Welcome to the November product update! Our recent releases have delivered significant enhancements across Veza's product suite, with highlights including:

• Access Intelligence: New risk mitigation burndown charts for tracking resolution trends, and comprehensive dashboard improvements including AWS Risks, Azure AD Risks, and Identity Security Posture Management (ISPM).

• Access Reviews: Major usability improvements to the reviewer interface, enhanced orchestration capabilities, and new configuration options for review expiration and due dates.

• Separation of Duties (SoD): Now accessible from the main navigation menu, new overview page, and enhanced SoD query visualization capabilities.

• Lifecycle Management: Access Profile Intelligence for automated and improved Access Profile creation, lookup tables for attribute transformation, and integration support for Oracle HCM, Exchange Online, Ivanti Neurons, and Oracle Fusion Cloud.

• Veza Integrations: New integrations for Ivanti Neurons, Device42, Cisco Duo, Zoom, and Exchange Online, plus enhancements to existing integrations including support for Dynamic Data Masking in Snowflake.

Please read on for more details about specific changes in each product area, and contact your Veza representative with any questions or valued feedback.

Access Intelligence

Risk Mitigation Burndown Charts

Last month, we introduced support for assigning owners to individual risks for remediation.

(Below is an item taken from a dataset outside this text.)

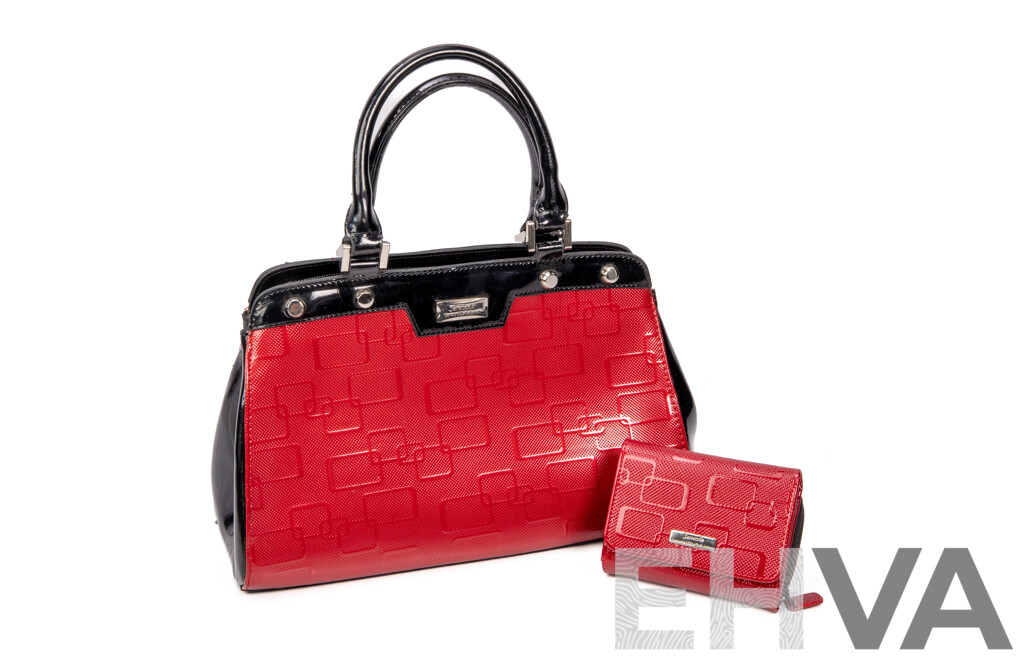 Ladies' Genuine Leather Handbag and Matching Wallet by Serenade Beverly Hills Collection
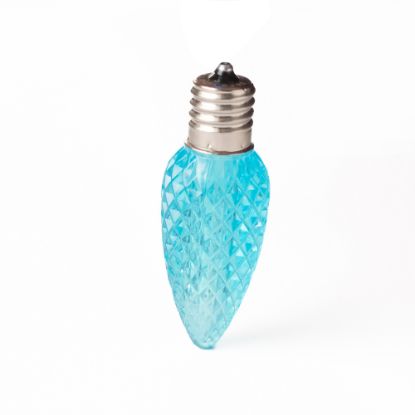Single C9 bulb, white, on white background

Now, you can use Veza to track the resolution of risks over time using burndown charts on the Access Risks page. These new trend charts track both new and resolved risks over the chosen time range.

Dashboards and Reports Enhancements

New and improved dashboards are now enabled by default, including:

• AWS Risks: Monitoring IAM privileges, access keys, MFA status, and resource access.

• Azure AD Risks: Tracking privileged users, MFA status, dormant accounts, and global admin risks.

• Active Directory Risks: Domain admin monitoring, password compliance, service accounts, and group analysis.

• Identity Security Posture Management (ISPM): Password metrics, MFA adoption, access blast radius, and cross-platform identity mapping.

• GitHub Security: GitHub Security insights around Access, NHI, and Hygiene.

• Salesforce, Snowflake, and Okta Risks: Platform-specific security dashboards organized by priority and risk criticality.

As part of our ongoing work to make Dashboards easier to use and take action on, recent releases have included several changes to improve navigation, customization, and risk visibility:

• Tabbed Dashboard Navigation: You can now switch between views using new tabs, including favorited dashboards and an overview of all available dashboards:

  • Home tab for primary dashboard

  • Favorites tab for quick access to preferred dashboards

  • All Dashboards tab listing all available dashboards

• Top Risks: Dashboards that contain queries with risks now include a section at the top of the page showing the top 3 risks from the dashboard tiles, calculated based on risk level and change in the specified time range.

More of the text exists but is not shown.